▶ Try it: Of all the lines below, return only those starting with the line holding "Tickets for RYAN" and going on through the line holding "for Season 4?", exactly as written.

▶ Entries shown:
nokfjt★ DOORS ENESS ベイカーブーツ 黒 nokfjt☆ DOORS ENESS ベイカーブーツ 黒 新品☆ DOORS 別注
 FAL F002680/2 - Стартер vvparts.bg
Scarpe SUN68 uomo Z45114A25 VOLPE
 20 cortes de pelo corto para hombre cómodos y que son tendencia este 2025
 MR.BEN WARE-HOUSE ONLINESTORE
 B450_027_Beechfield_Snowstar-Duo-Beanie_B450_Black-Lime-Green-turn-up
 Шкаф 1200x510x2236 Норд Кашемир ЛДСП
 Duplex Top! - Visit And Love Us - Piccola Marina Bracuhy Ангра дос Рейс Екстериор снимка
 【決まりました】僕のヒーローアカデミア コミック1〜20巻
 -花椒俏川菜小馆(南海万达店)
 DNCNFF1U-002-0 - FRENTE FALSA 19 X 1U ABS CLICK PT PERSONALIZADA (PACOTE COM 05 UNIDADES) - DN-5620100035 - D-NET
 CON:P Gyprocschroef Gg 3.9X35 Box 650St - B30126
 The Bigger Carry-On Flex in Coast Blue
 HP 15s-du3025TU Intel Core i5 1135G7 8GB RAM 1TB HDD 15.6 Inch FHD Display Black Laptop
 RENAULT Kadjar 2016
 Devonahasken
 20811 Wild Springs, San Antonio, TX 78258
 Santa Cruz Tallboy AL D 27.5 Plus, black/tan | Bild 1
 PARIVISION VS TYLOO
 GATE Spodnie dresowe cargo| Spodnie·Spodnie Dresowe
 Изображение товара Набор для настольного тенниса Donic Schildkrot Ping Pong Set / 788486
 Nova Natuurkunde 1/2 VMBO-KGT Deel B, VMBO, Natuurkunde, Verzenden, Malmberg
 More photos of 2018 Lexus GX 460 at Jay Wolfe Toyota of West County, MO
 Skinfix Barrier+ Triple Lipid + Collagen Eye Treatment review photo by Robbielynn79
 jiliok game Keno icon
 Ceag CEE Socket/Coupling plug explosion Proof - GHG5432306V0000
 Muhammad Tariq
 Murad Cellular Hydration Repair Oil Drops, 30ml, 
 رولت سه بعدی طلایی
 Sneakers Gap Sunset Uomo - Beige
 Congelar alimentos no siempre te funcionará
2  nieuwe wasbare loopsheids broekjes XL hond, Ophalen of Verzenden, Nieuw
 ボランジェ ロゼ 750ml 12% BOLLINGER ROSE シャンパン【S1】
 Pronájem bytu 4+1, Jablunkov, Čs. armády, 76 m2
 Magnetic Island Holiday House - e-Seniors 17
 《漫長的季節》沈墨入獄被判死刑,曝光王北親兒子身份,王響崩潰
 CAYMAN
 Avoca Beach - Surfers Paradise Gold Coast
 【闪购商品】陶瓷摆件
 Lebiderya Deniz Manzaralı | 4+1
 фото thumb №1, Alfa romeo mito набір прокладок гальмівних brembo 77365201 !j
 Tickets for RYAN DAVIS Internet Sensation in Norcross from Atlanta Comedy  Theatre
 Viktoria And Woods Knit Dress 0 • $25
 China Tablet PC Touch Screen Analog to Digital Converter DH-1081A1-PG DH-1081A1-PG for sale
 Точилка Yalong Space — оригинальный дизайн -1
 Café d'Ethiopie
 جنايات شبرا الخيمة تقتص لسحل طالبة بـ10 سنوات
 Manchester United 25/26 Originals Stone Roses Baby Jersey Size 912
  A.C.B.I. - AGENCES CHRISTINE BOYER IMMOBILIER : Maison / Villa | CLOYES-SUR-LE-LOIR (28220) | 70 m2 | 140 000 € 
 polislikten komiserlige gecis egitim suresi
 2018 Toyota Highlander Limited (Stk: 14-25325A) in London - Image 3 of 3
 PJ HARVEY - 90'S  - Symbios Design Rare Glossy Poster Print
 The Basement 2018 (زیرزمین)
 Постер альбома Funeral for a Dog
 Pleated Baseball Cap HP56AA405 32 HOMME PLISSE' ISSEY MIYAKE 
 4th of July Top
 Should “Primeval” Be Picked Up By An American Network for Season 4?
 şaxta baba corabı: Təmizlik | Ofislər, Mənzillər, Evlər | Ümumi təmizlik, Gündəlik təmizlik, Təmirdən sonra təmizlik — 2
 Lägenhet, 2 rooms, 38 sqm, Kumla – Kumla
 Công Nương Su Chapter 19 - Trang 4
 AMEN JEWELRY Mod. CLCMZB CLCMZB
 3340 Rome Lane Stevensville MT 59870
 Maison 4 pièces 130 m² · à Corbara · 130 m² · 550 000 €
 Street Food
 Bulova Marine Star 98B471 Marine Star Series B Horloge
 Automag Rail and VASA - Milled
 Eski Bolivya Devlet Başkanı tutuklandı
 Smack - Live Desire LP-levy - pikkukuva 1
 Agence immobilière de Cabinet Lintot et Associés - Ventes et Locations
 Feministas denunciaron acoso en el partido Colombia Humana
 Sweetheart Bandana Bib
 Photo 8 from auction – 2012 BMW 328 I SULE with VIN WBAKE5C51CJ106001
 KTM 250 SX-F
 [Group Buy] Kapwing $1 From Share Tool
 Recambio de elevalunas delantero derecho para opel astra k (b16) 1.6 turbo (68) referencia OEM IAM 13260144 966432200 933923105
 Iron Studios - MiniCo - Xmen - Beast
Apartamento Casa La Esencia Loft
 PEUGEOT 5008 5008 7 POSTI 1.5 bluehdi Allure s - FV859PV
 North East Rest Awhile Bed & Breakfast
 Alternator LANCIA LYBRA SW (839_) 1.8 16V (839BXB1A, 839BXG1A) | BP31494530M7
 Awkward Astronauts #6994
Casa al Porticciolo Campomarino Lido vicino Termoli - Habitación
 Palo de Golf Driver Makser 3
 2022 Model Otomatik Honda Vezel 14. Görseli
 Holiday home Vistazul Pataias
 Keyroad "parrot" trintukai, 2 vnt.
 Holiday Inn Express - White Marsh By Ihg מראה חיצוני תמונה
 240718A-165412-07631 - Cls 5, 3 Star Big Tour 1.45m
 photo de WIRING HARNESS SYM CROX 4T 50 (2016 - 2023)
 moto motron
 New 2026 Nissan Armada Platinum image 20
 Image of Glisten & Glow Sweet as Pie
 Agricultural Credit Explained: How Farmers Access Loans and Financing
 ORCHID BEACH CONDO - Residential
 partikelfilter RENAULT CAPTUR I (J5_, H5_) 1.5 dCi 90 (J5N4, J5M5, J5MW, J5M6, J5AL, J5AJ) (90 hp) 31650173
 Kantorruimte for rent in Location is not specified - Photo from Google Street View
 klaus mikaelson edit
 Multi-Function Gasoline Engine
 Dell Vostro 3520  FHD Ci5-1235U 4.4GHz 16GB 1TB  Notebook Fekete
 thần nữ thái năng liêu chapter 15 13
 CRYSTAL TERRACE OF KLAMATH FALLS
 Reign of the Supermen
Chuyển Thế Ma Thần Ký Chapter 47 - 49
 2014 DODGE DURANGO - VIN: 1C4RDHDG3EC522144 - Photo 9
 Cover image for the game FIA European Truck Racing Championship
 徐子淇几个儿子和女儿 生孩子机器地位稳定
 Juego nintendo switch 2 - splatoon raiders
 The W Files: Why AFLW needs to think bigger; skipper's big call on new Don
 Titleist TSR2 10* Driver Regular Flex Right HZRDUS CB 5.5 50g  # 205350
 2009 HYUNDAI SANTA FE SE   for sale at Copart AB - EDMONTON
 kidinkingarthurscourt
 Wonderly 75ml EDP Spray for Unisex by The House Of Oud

▶ Written answer:
 Tickets for RYAN DAVIS Internet Sensation in Norcross from Atlanta Comedy  Theatre
 Viktoria And Woods Knit Dress 0 • $25
 China Tablet PC Touch Screen Analog to Digital Converter DH-1081A1-PG DH-1081A1-PG for sale
 Точилка Yalong Space — оригинальный дизайн -1
 Café d'Ethiopie
 جنايات شبرا الخيمة تقتص لسحل طالبة بـ10 سنوات
 Manchester United 25/26 Originals Stone Roses Baby Jersey Size 912
  A.C.B.I. - AGENCES CHRISTINE BOYER IMMOBILIER : Maison / Villa | CLOYES-SUR-LE-LOIR (28220) | 70 m2 | 140 000 € 
 polislikten komiserlige gecis egitim suresi
 2018 Toyota Highlander Limited (Stk: 14-25325A) in London - Image 3 of 3
 PJ HARVEY - 90'S  - Symbios Design Rare Glossy Poster Print
 The Basement 2018 (زیرزمین)
 Постер альбома Funeral for a Dog
 Pleated Baseball Cap HP56AA405 32 HOMME PLISSE' ISSEY MIYAKE 
 4th of July Top
 Should “Primeval” Be Picked Up By An American Network for Season 4?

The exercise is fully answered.